Y, al mismo tiempo, resulta un acercamiento de enorme apertura a conceptos más contemporáneos, vistos desde un lente de adornado, que permite esconder a plena vista las sutilezas de su subtexto. La elegancia con la que se mueve la cámara durante los ensayos de teatro da paso a que ella misma se filtre por debajo del escenario y entre las sombras que ocultan apasionados besos y caricias. Cada accionar de los personajes resalta por el montaje oportuno y la colocación estratégica de los cuerpos en constante movimiento; cuerpos que se muestran para ser separados por sus circunstancias o unidos por sus pasiones (en un muy merecido erotismo).

El premio a mejor actriz siempre iba a ser de Gwyneth Paltrow y su apasionada y multifacética Viola. Universal.

La extravagancia de sus atuendos y atinado diseño de producción evidencian el presupuesto privilegiado que tuvo la película. Eso, por suerte, no le quita espectacularidad a su guion, el cual evidencia cómo aquellos trucos propios de las historias de amor de Hollywood son parte de una justa interpretación libre con las características propias de la época. Una secuencia en especial, justo a la mitad del filme, resulta de magistral construcción narrativa. Así, el sentimiento triunfante de reunir a todos sus personajes en una escena climática final solo es la culminación de tal genialidad de historia que no pierde su vitalidad ni un solo minuto.

Con un ritmo envidiable, que va de escena a escena sin esfuerzo alguno, cada personaje secundario aporta al conjunto general de la historia principal. Además, hay  un cuidado especial por aspectos que luego serán tomados en cuenta para avanzar la trama o solo para conseguir una buena broma dentro del tono ligero de la película. Pero esa ligereza en su personalidad como película solo evidencia las posibilidades de contar historias sin necesidad de aspectos demasiado melodramáticos o de mero sufrimiento y que de todas maneras tengan inmensa profundidad narrativa y astucia en sus diálogos. Las palabras tienen su propio peso para cada escena, pero no se subestiman las miradas intensas, furtivas o amenazadoras.

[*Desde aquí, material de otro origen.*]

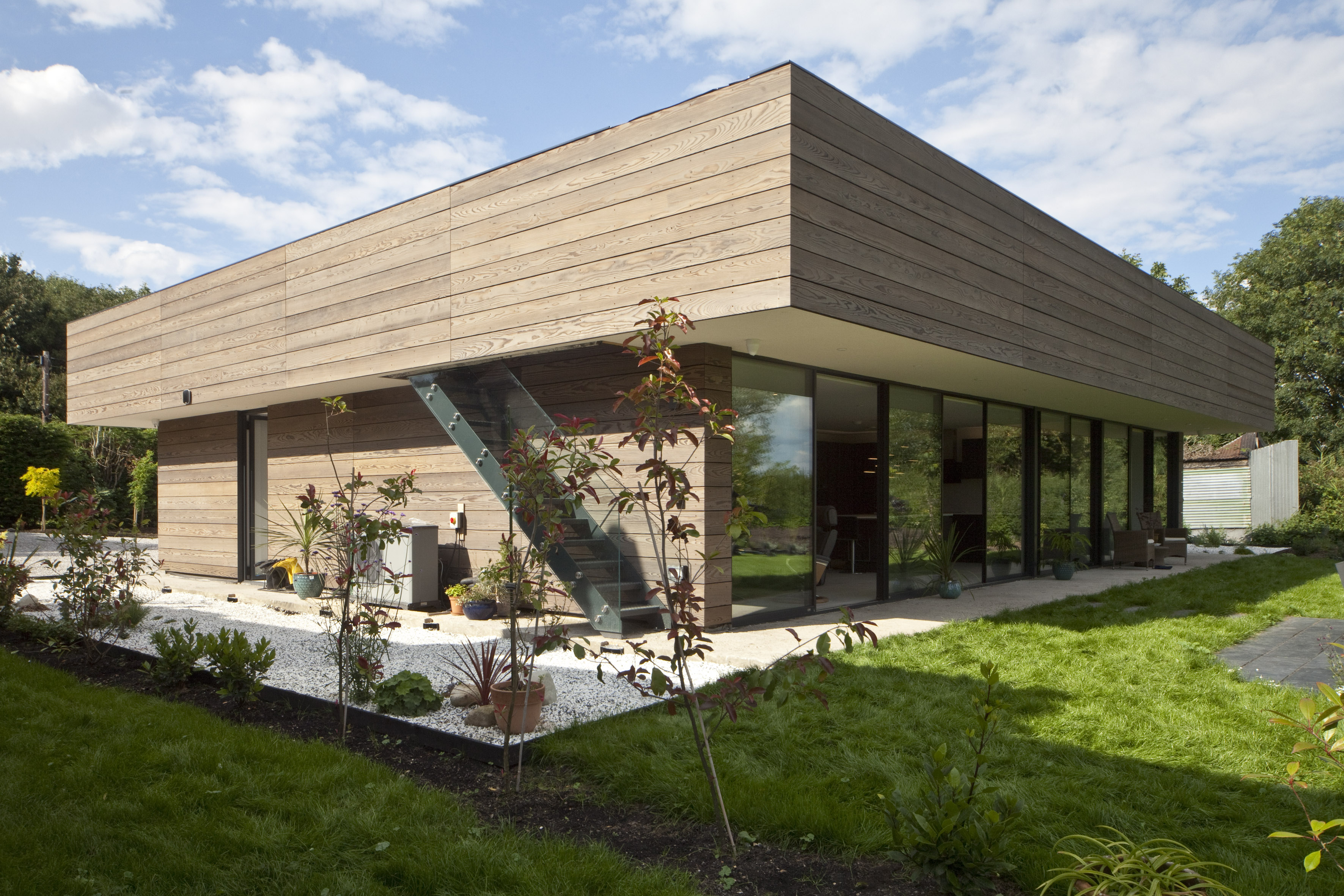 Emotional Grand Designs sees one family divide a plot to pay off debts and build an Asian-inspired villa in Cambridgeshire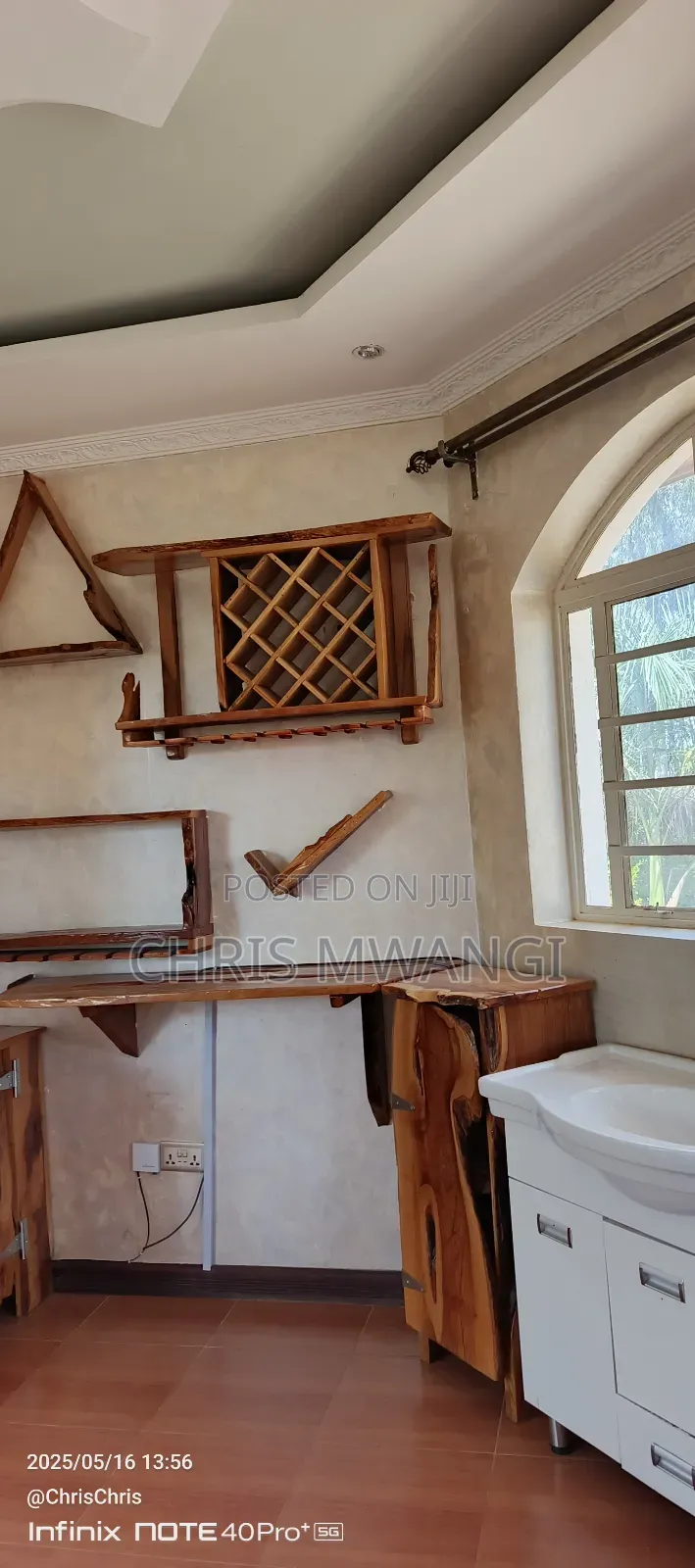 5bdrm Mansion in Kenyatta Road Theta for sale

Al mismo tiempo, mientras los personajes están atrapados por las paredes del teatro, ese que alberga sus sueños y angustias, las personalidades son una constante invención de emociones que dependen de quién tengan al frente en momentos de una asumida libertad. Estas son vidas de constante actuación. Personas restringidas por la época, por las reglas de una sociedad y por ellas mismas. Pero, a pesar de todo, están dispuestas a romper los esquemas por aquello que les apasione y por aquello que consideren desde su propia felicidad, no importa cómo se vea ante los ojos de los demás. He ahí el secreto escondido de esta película: dentro de regulaciones, restricciones y convencionalismos, nunca pierde su espíritu de libertad.

Como si fuera poco, Shakespeare in Love se sostiene 21 años luego de su estreno como si todavía pudiera contar su misma historia el día de hoy. Solo hay que verla más allá de la controversia que la marcó injustamente, por avaricias y maquinaciones corporativas, y queda el disfrute cómodo de las dos justas horas de metraje que no tenía pensado más que ser eso al filmarla. Con una narración limpia, equilibrada, astuta y audaz, me sorprende que la tinta en el pergamino de esta particular historia no se haya despintado todavía. Al intentar descubrirla de nuevo, y verla con ojos más comprensivos, esperemos que en veintiún años más, el cariño solo vaya en aumento.

Julieta y su Romeo. Shakespeare está enamorado. Universal.